Posted by Jamison Mark on Mar 26, 2015 10:00:00 AM

Maybe it’s a sneaky Leprechaun looking for his “pot o’gold” in your backyard, or that Easter Bunny hopping across your lawn, hiding its Easter eggs this Spring… or maybe it’s just old man winter grumbling around your doorstep. Whatever visitors the past months have brought, it’s important to make sure your property is free of safety hazards and dangerous conditions to prevent personal injuries from occurring on your premises. Consulting with one of our experienced new jersey negligent property maintenance lawyers can help you evaluate your risk and avoid a claim for negligent propery management. If you've been injured, our experienced attorneys can help you determine whether you have a claim for damages.


What am I liable for on my property?

Premises liability law in New Jersey holds property owners accountable for injuries caused by unsafe conditions on their property due to negligent property maintenance. Property owners have a duty to exercise reasonable care when maintaining their property and must provide adequate warnings to those entering the property where a hazard exists. The liability extends not only to people who have been invited on to your property (e.g., your guests), but can also include those who have not been invited on to your property as well (e.g., pedestrians, mailpersons, kids, etc.). 

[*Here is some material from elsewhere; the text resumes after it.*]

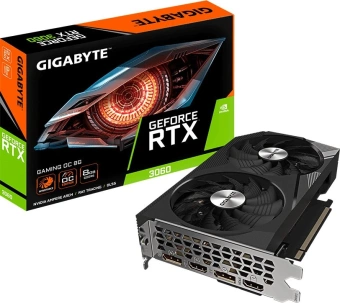 Видеокарта Gigabyte PCI-E 4.0 GV-N3060GAMING OC-8GD 2.0 NVIDIA GeForce RTX 3060 8Gb 128bit GDDR6 1807/15000 HDMIx2 DPx2 HDCP Ret - купить недорого с доставкой в интернет-магазине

What kind of things are hazards? 

As the days get warmer, and ice begins to melt, slippery conditions pose an obvious and apparent dangerous condition. Sometimes, however, other hazards can lurk unseen – particularly if the ground has been covered in snow, ice and muck for months. Once the snow has melted, it’s a good idea to go on a walkthrough of your property to see whether any dangerous conditions have arisen. If you identify anything hazardous, such as fallen branches, debris covering the ground, or unstable walkways, you can remedy these before they cause any harm. If you are unable to make repairs immediately, you should section off the area to help prevent injuries from occurring until you are able to fix them safely. 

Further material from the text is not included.